3. The elevated equipment price will be around for a while because of used and new equipment supply chain issues. The scarcity premium of equipment will slowly erode over the next 12-18 months and affect pricing, but allocations will impact how much and how fast the premium erodes. If managed correctly, allocations can have a very impactful result on the market.


“The ‘bad’ that comes will open a path for a new kind of ‘good’ that will change the way manufacturers, dealerships and customers do business and look at equipment…”


4. The lack of used equipment generated from model years 2021-23 impacts these model years’ value as they work through the machine life cycle. Also, because of the used equipment price, these model years will have a different trade activity than machines in the past. These machines will have more hours than units in previous years when traded. As a result, this will further elevate pricing from similar machines in the past.

Managing the “bad” in this contraction should be more straightforward than ever before. First, however, the signs will be there to see and read. Then, as the amount of new equipment from factories arrives, and lots have used equipment to sell that is not presold, supply will catch up with demand, and the price will begin to stabilize lower. Therefore, this correction will not be like 2014 all over again. I have had many conversations where 2014 comes up, and I don’t see it happening like that. 

There needs to be more equipment on the market. In 2012, the combine auction market was inundated with dealer listings. Dealer lots were piled high with used equipment, which is not the case today. Demand for used equipment is as high as for new equipment. In addition, customer buying groups are becoming increasingly more stratified in their segments. 

Because of this, buyers are less likely to jump over a model of equipment, leaving gaps or excess equipment in the washout cycle.
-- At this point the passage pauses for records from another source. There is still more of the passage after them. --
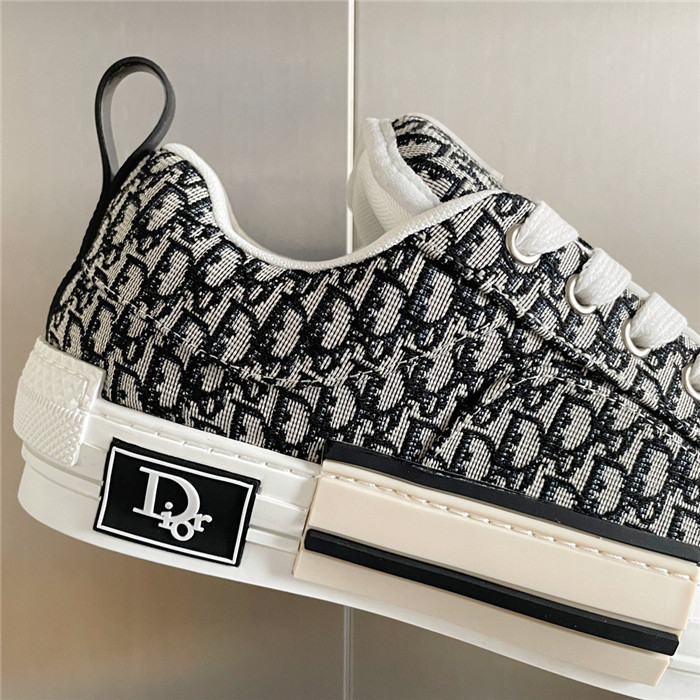 b23 oblique sneaker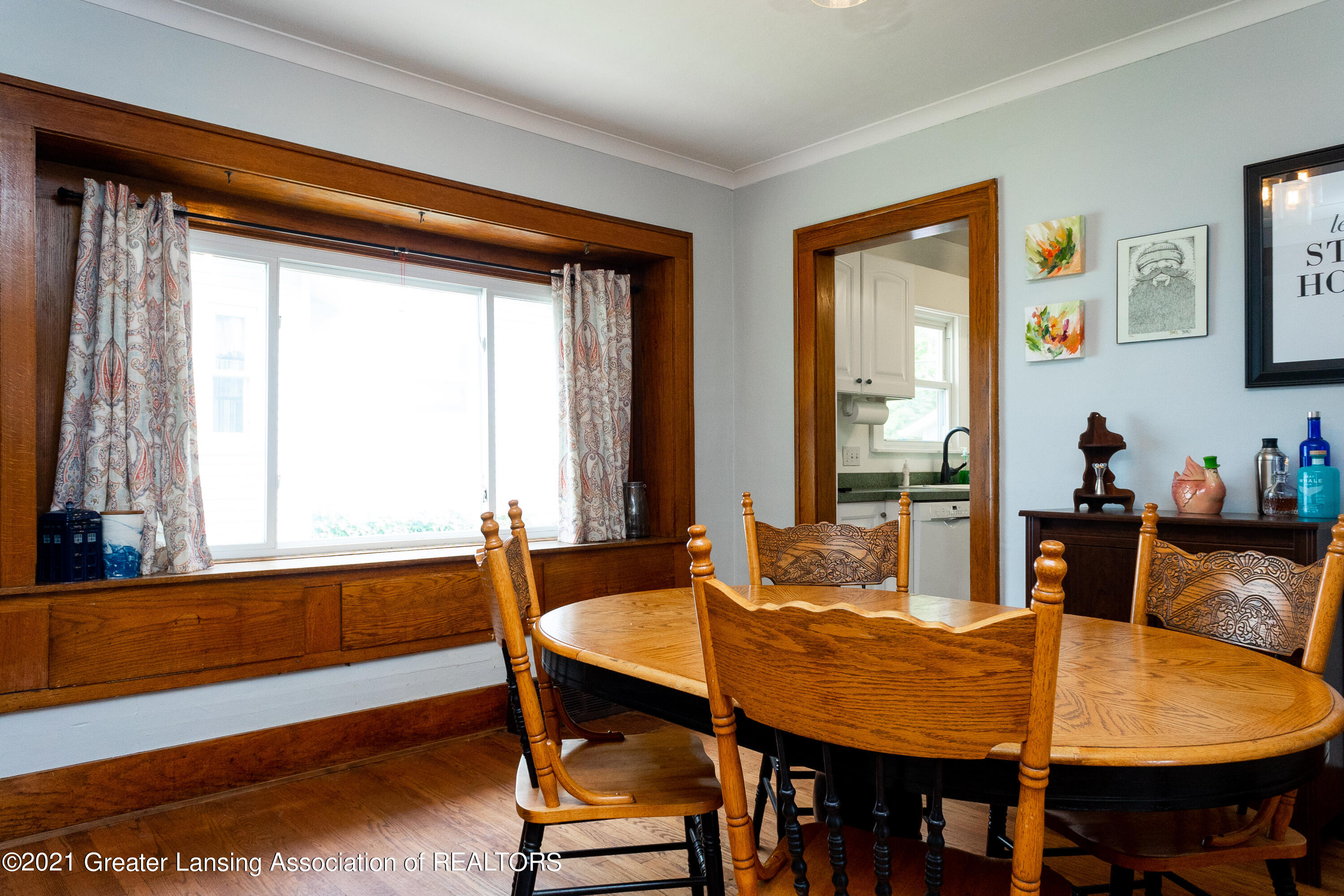 2312 Strathmore Road Lansing, MI 48910 - Photo 12 of 32 2312 Strathmore RD Lansing MI-112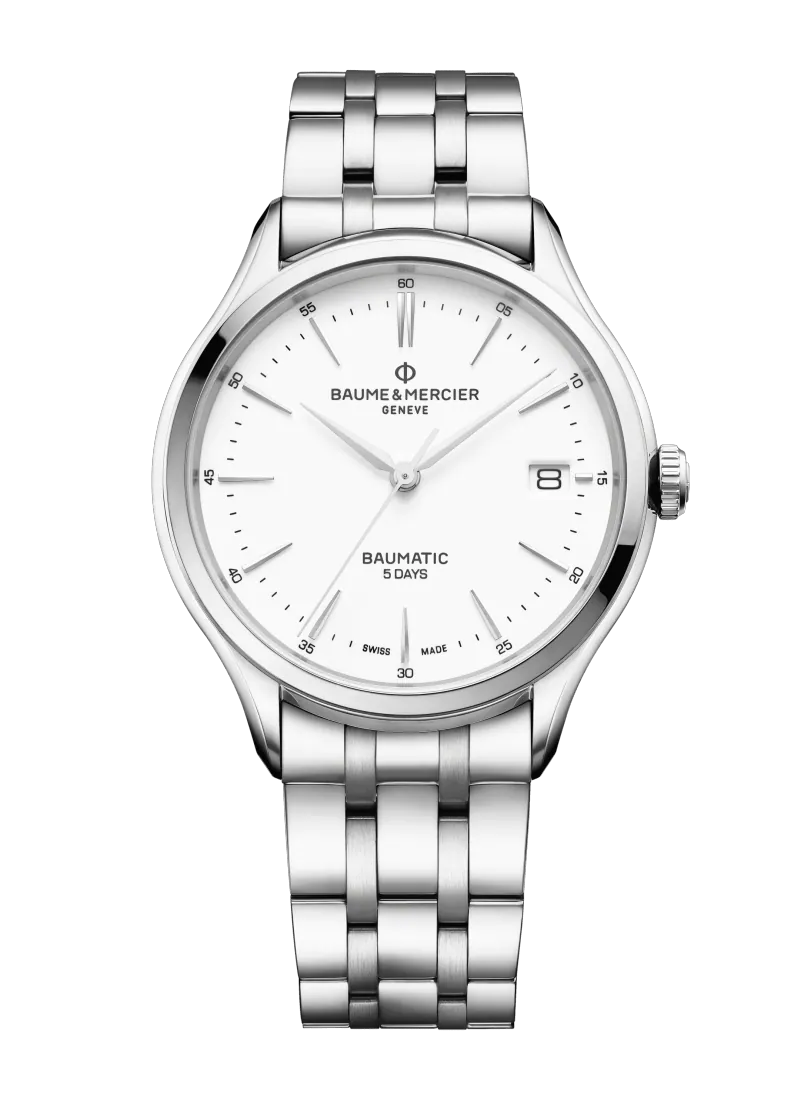 型番:M0A10400<br />
ムーヴメント:自動巻き<br />
ケース径:40mm<br />
防水:約50m<br />
<br />
価格:451,000円(税込)<br />
<br />
120時間のパワーリザーブ、優れた耐磁性と非常に使いやすい自社製ムーヴメントを搭載したモデルです。<br />
<br />
スーツスタイルでも合わせやすいホワイト文字盤<br />
稼働時間が長いので、初めての機械式時計としても始めやすく、安心して着用していただける1本です☆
Adding upgrade/retro kits and autonomy for equipment will also determine when and how often equipment is traded.

The backside of the correction will be like nothing seen before. The rules used by equipment managers before will not work in this game. A new approach will have to be taken, and its playbook has yet to be written. 

The “bad” that comes will open a path for a new kind of “good” that will change the way manufacturers, dealerships and customers do business and look at equipment in general. Where data comes from and how data is used will increase efficiency across the spectrum and change the customer landscape.